Kenya's Private Sector Activity Slow Streak Continues

Nairobi — A new survey has revealed that growth momentum in Kenya's private sector slowed again at the start of the third quarter of the year, as businesses reported weaker expansions in output, new orders, employment and purchasing.

The Purchasing Managers' Index survey also reveals that cost inflationary pressures rose to a 16-month high as tax changes resulted in a sharp uptick in purchase prices.

As such, the headline index fell for a second straight month from 51 in June to 50.6 in July, to indicate only a marginal improvement in operating conditions across Kenya's private sector.

Readings above 50.0 signal an improvement in business conditions on the previous month, while readings below 50.0 show deterioration.

According to the survey, the three biggest components of the PMI; the output, new orders and employment indices, all fell to three-month lows, but remained above the 50.0 no-change mark to indicate further expansions.

In July, the report notes that Kenyan businesses saw an increase in output during July as market conditions recovered further from the reintroduction of lock down measures in April, for the third month running.

"However, the expansion was only marginal and slower than that seen in June," the survey noted, adding that while 27 percent of panelists saw a rise in output, around 26 percent reported a decrease.

In a similar fashion to output, survey noted that the seasonally adjusted new orders index pointed to a third successive rise in sales at Kenyan firms during July.

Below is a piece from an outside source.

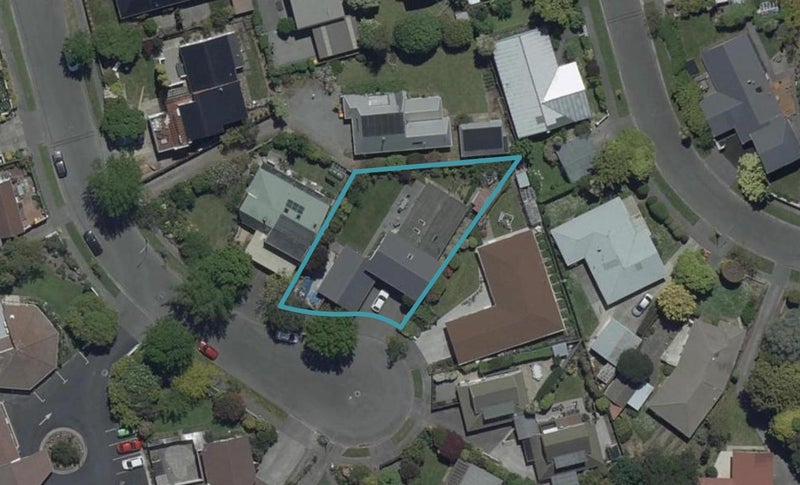 9 Saint Winifreds Place, Bryndwr, Christchurch - Carousel 1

That said, barring the sharp decline in April, the latest upturn was the weakest seen since new orders began to recover from the first wave of the pandemic.

The survey also indicated that rising demand levels encouraged businesses to increase their staffing levels in July.

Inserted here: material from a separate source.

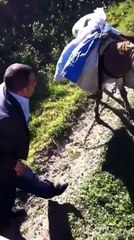 Eşekçe konuşan adam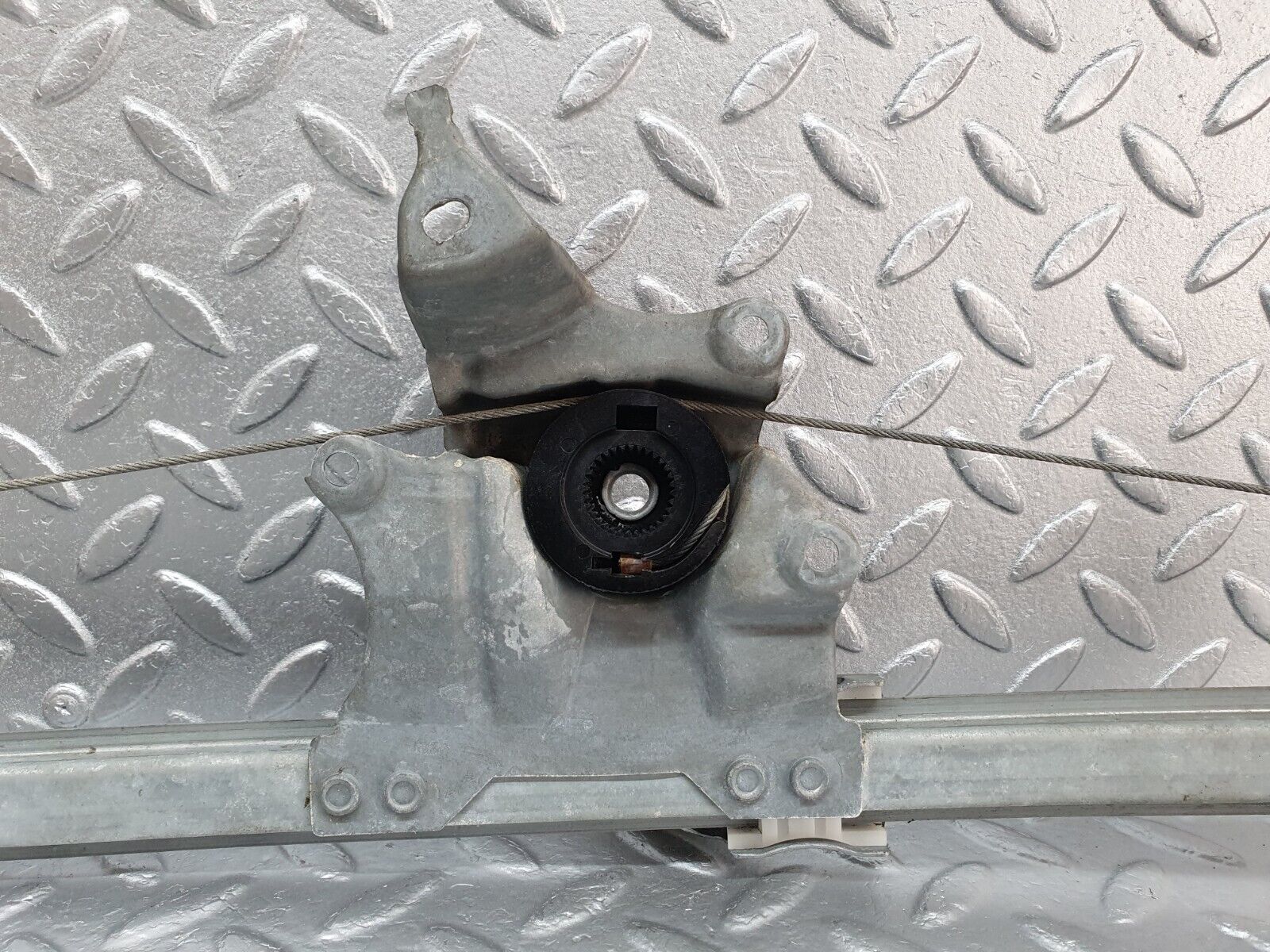 41940 Mercedes-Benz W202 C200 Rear Left Power Window Regulator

As such, several firms reported taking on more temporary staff in order to complete new orders.

During the month, the rate of job creation was marginal, however, and the weakest for three months.

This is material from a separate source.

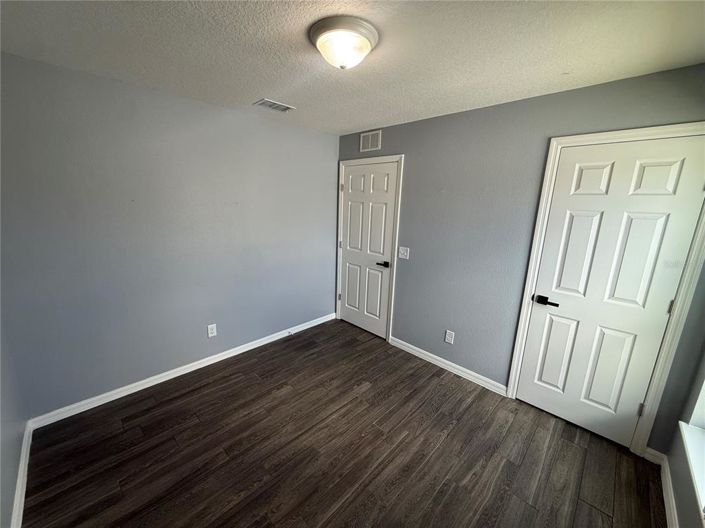 Image No.28-3 Bed House for sale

At the sector level, job numbers rose across manufacturing, construction, agriculture and wholesale and retail, but fell in services.

"Businesses that saw an increase in new order volumes often pointed to an improvement in cash flow and increased marketing activity. On the other hand, some firms reported losing customers due to the ongoing effect of the pandemic," the survey said.

"Barring the sharp downturn in April, the rate of growth was the joint-weakest since conditions began to improve after the first wave of the pandemic," the report notes.

Commenting on the July survey findings, Kuria Kamau, Fixed Income and Currency Strategist at Stanbic Bank said domestic demand improved by the second slowest pace since the lifting of public health restrictions after the first wave of pandemic, with some firms reporting a drop in customer numbers.

He added that firms in agriculture, construction and services witnessed an increase in demand and output while those in manufacturing and trade saw declines.

"To meet this marginal increase in demand, firms also increased their output slightly as evidenced by slight increases in staffing levels and the quantity of purchases. Both input and output price inflation accelerated due to an increase in import taxes, fuel costs and shortages in some raw materials. The 12 month outlook by firms rose to its highest level in 5 months but remains below its long term average," Kamau said.